(Image-text web data)
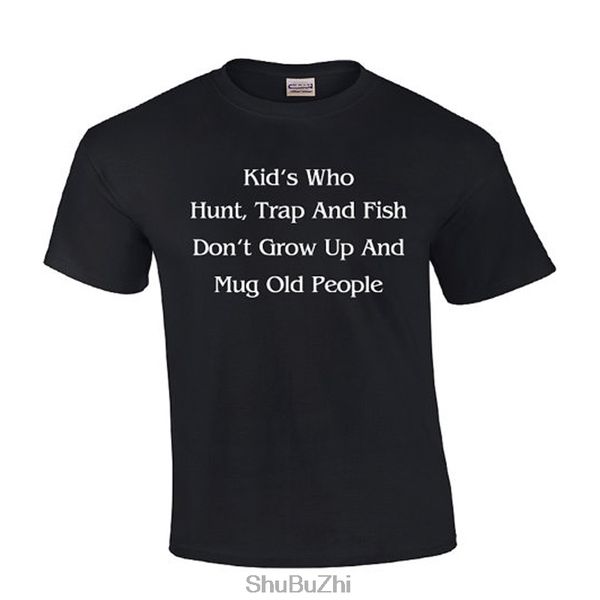 kid's who hunt trap and fish men cotton tshirt shubuzhi brand summer t shirt t new style for him euro size
kid's who hunt trap and fish men cotton tshirt shubuzhi brand summer t shirt t new style for him euro size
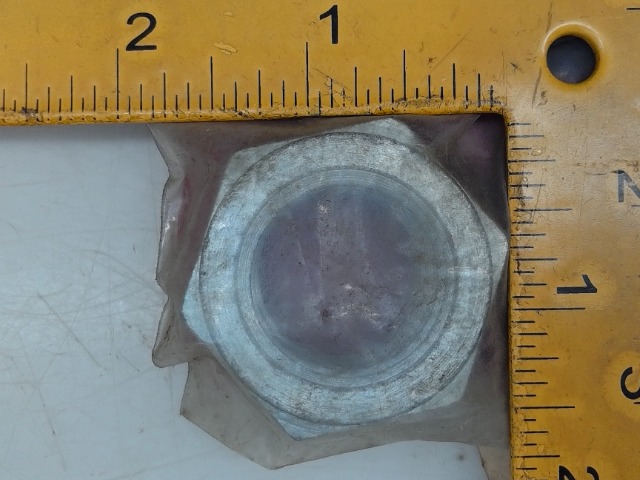 197754A Nut for AGCO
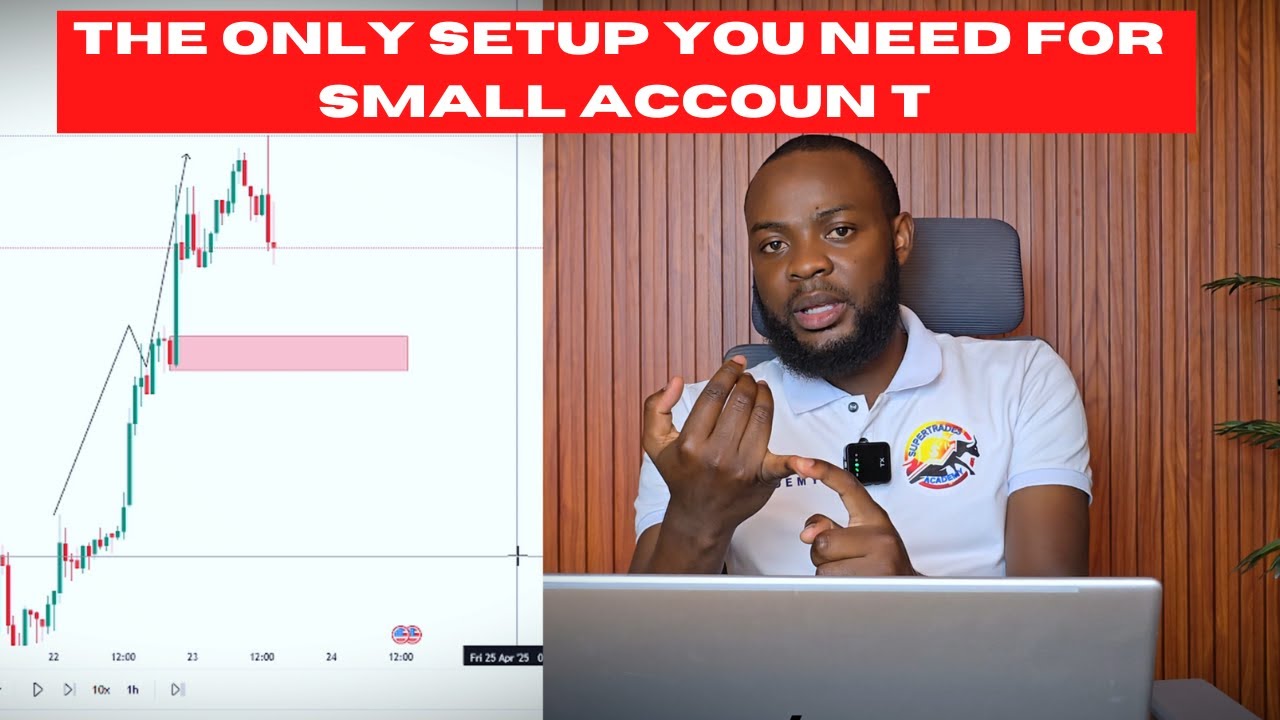 HOW TO TRADE SUPPLY AND DEMAND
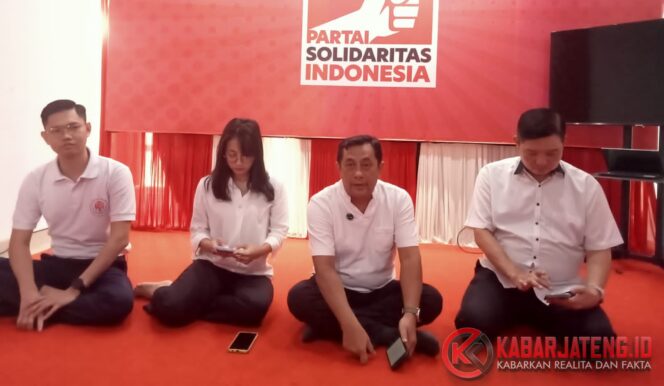 
					Narendra Dorong Pemkot Semarang Perkuat Sinkronisasi Data Antar OPD
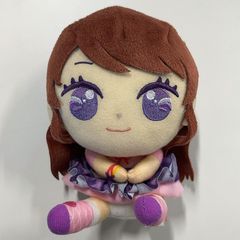 紫吹蘭 ちょこのっこぬいぐるみ 一番くじ アイカツ! - メルカリ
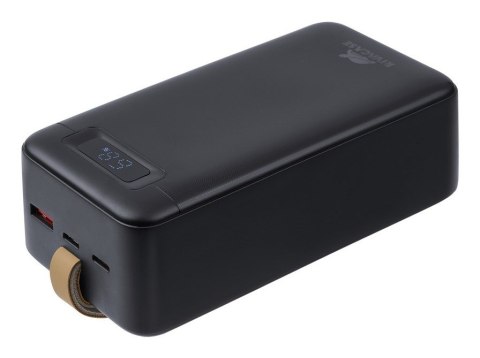 Rivacase VA1084 bank mocy Litowo-polimerowy (LiPo) 40000 mAh Czarny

**Problem to solve:** Output all of the records word for word, and keep the pictures out of the copy.

**Exercise solution:**
 kid's who hunt trap and fish men cotton tshirt shubuzhi brand summer t shirt t new style for him euro size
kid's who hunt trap and fish men cotton tshirt shubuzhi brand summer t shirt t new style for him euro size
 197754A Nut for AGCO
 HOW TO TRADE SUPPLY AND DEMAND
					Narendra Dorong Pemkot Semarang Perkuat Sinkronisasi Data Antar OPD
 紫吹蘭 ちょこのっこぬいぐるみ 一番くじ アイカツ! - メルカリ
 Rivacase VA1084 bank mocy Litowo-polimerowy (LiPo) 40000 mAh Czarny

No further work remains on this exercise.